Crónica de Anselmo Borges
Anselmo Borges |
1. Era um daqueles beatos que julgam amar a Deus por Ele, mas que apenas pedincham em vez de agradecer. Lá estava ele permanentemente diante do Cristo crucificado: "Senhor, cuida dos meus campos, dá-me saúde e faz que eu não morra." Um dia, farto, o sacristão escondeu-se por trás do crucifixo: "Filho, tens de tratar tu dos campos e da saúde e já sabes que um dia tens de morrer como todos os outros." O beato, furioso: "Porque és assim, pelo teu mau falar, é que foste, e bem, pregado na cruz."

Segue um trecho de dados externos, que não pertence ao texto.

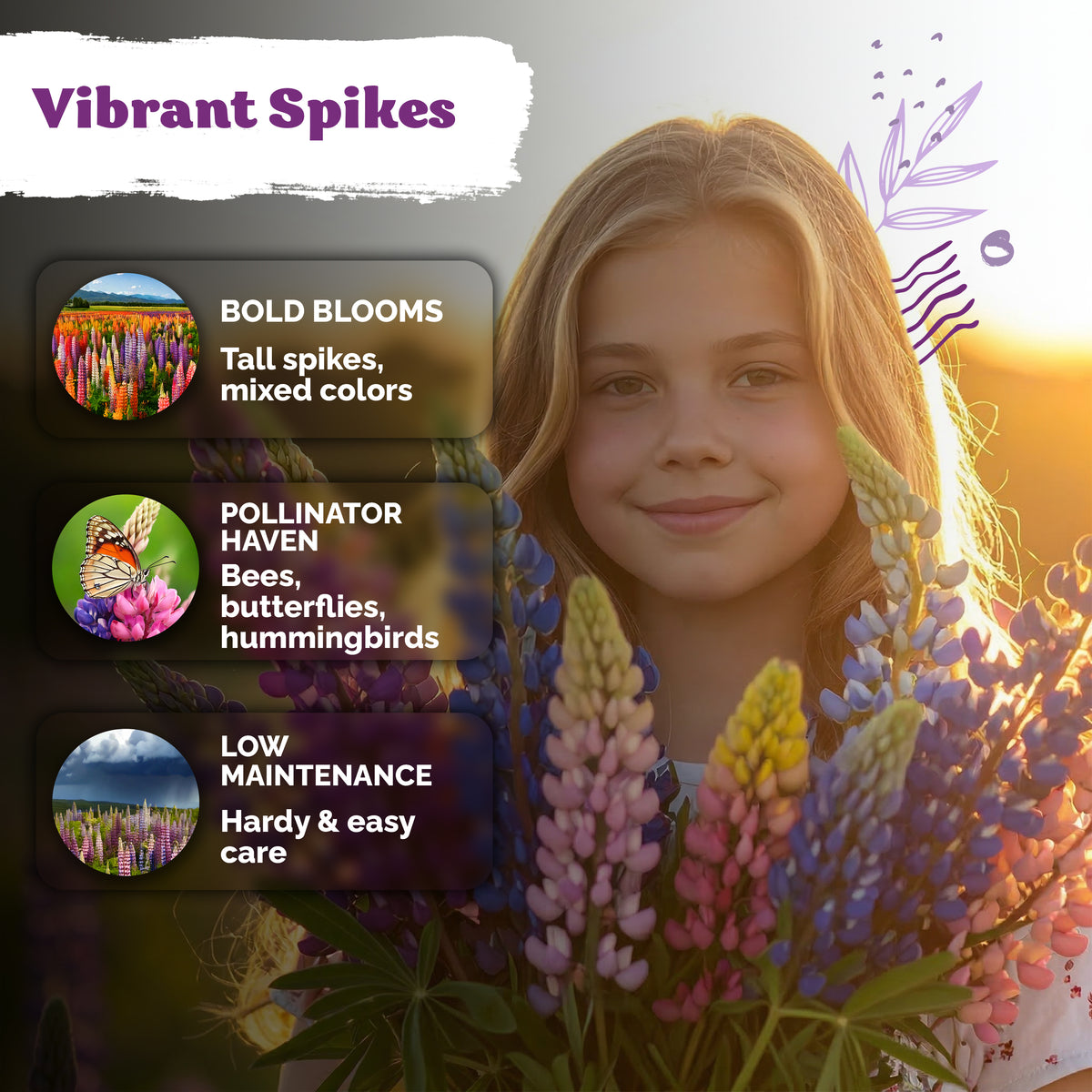 Mix Russell Lupine Seeds – kviterseeds.com – photo 4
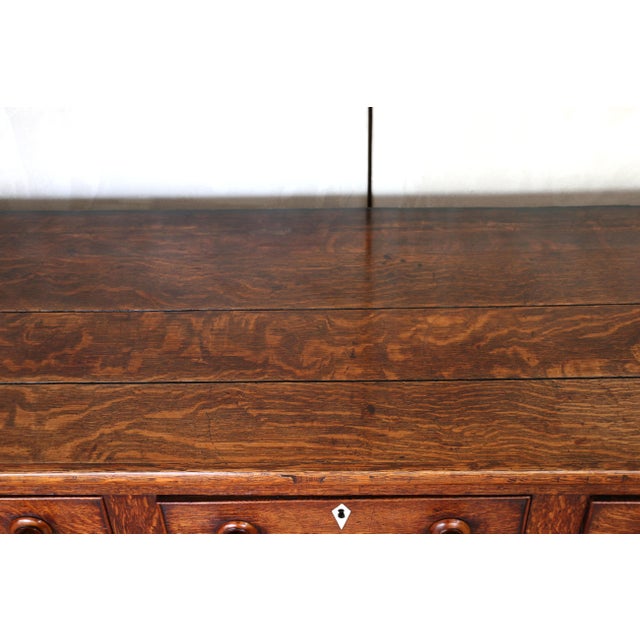 Mid 18th Century George III Oak Dresser Buffet, England For Sale - Image 11 of 18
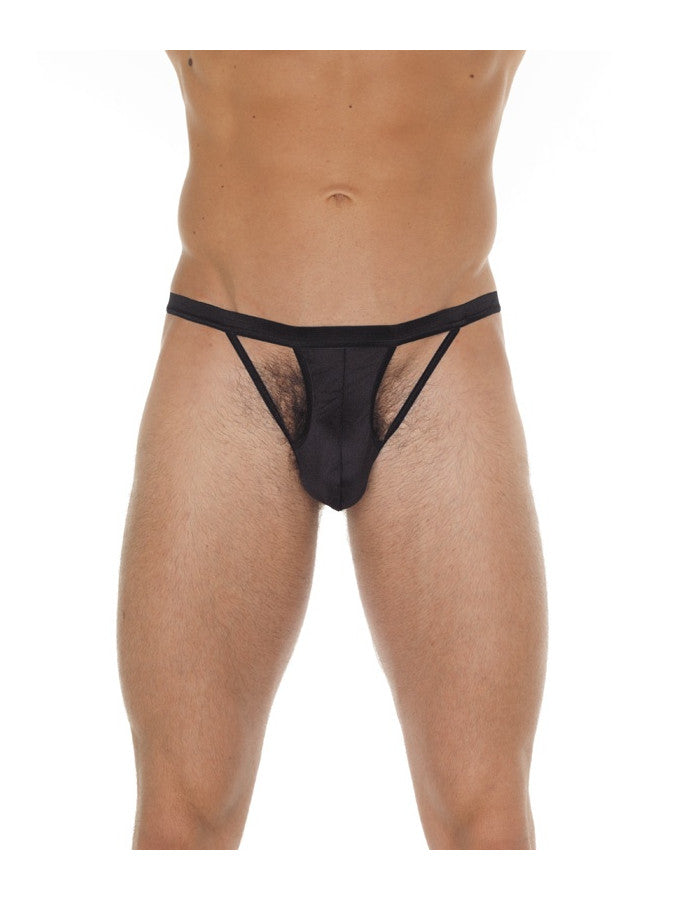 Amorable By Rimba - Open Thong - One Size - Black - UABDSM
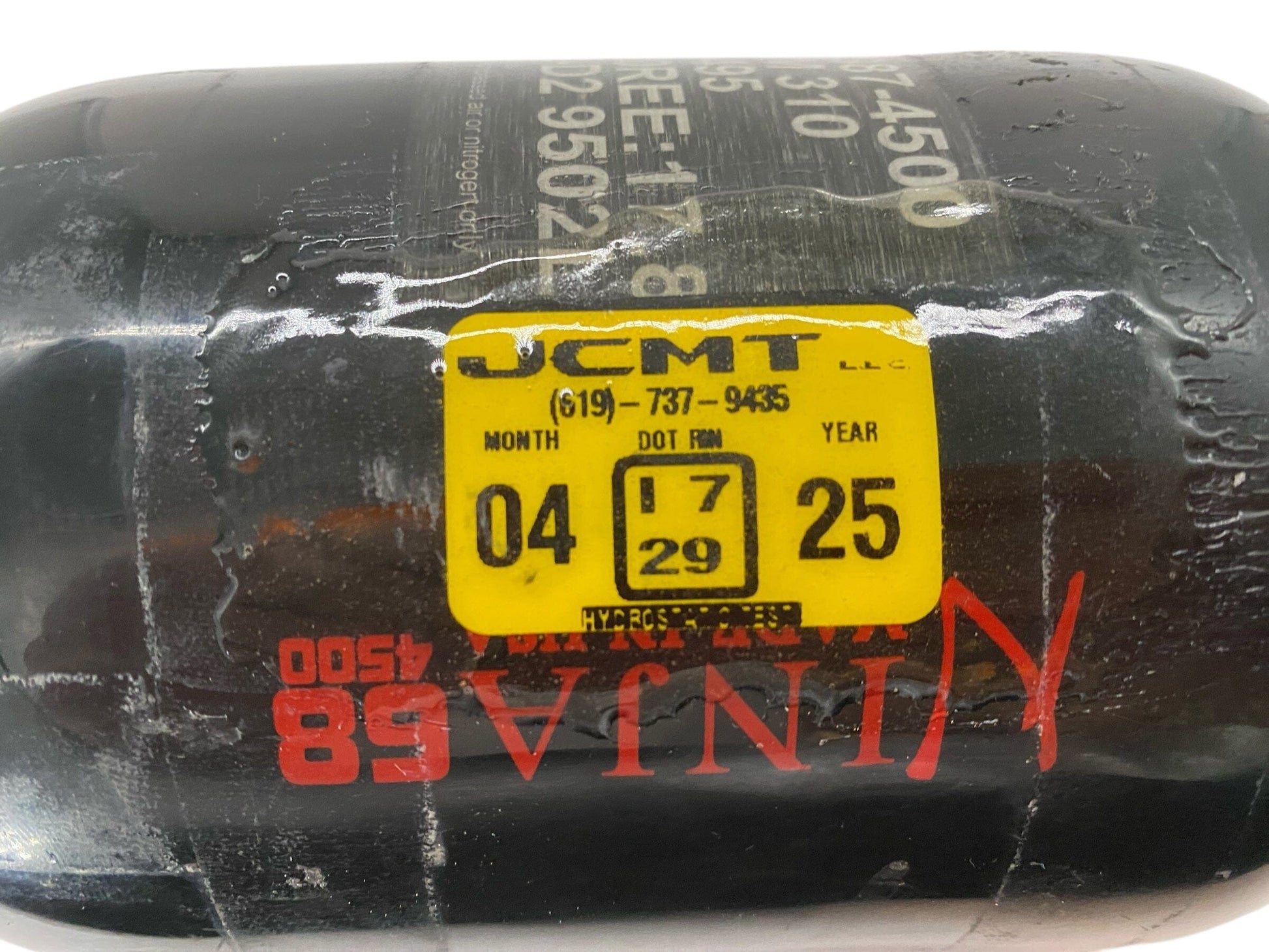 Used Ninja 68/4500 Paintball Tank Paintball Gun from CPXBrosPaintball Buy/Sell/Trade Paintball Markers, New Paintball Guns, Paintball Hoppers, Paintball Masks, and Hormesis Headbands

Quem gosta de ouvir a verdade nua e crua?
Vamos supor que, num funeral, o padre se ergue a dizer: "Meus irmãos, levamos hoje a sepultar este irmão que era um estupor. Não sabe a mulher das suas infidelidades? Não sabem todos que era um corrupto? Alguém conhece um acto seu de generosidade? Como tratou os filhos? Um ateu crasso, materialista, que fugiu ao fisco, matou, e todos, lá no íntimo, consideram que era tão-só um crápula. Graças a Deus, estamos livres dele, vai hoje a sepultar."
A verdade nua e crua. Mas alguém, incluindo as suas vítimas, toleraria o discurso?
E aquele pensamento de Pascal: se se soubesse o que os amigos dizem nas costas, talvez não sobrassem no mundo mais do que dois ou três amigos.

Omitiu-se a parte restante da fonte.